Provide an exact copy of the data, excluding the images.

#### Recorded data

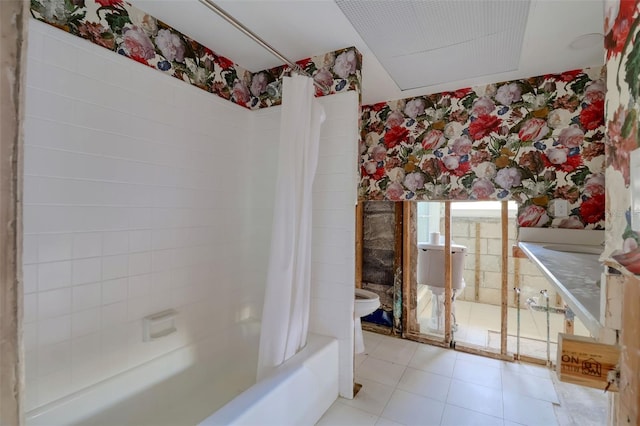 1897 Dolphin Blvd S, Saint Petersburg, FL 33707 - full bathroom featuring wallpapered walls, shower / bath combo with shower curtain, vanity, and tile patterned floors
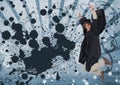 Excited young student man jumping and holding a diploma against blue splattered background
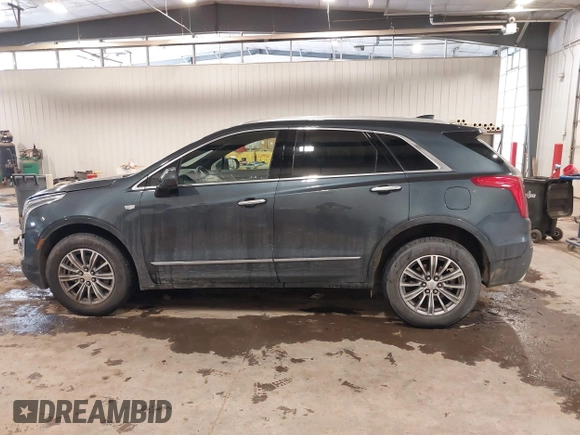 2019 Cadillac XT5 Luxury AWD z VIN 1GYKNDRS0KZ213092, wystawiony jako IAAI lot #41510497 z przebiegiem 26 030 mil mil oraz . Historia ofert i sprzedaży dostępna na DreamBid. Obrazek 14.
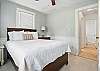 This queen bedroom sits just off the main hallway and offers easy access to the shared bathroom. It’s clean, bright, and works well for anyone who likes to be near the action—but still close the door when it’s time to wind down.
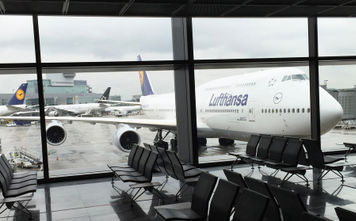 A Lufthansa 747 is seen from the concourse at Frankfurt Airport in Germany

########

Written solution =
 1897 Dolphin Blvd S, Saint Petersburg, FL 33707 - full bathroom featuring wallpapered walls, shower / bath combo with shower curtain, vanity, and tile patterned floors
 Excited young student man jumping and holding a diploma against blue splattered background
 2019 Cadillac XT5 Luxury AWD z VIN 1GYKNDRS0KZ213092, wystawiony jako IAAI lot #41510497 z przebiegiem 26 030 mil mil oraz . Historia ofert i sprzedaży dostępna na DreamBid. Obrazek 14.
 This queen bedroom sits just off the main hallway and offers easy access to the shared bathroom. It’s clean, bright, and works well for anyone who likes to be near the action—but still close the door when it’s time to wind down.
 A Lufthansa 747 is seen from the concourse at Frankfurt Airport in Germany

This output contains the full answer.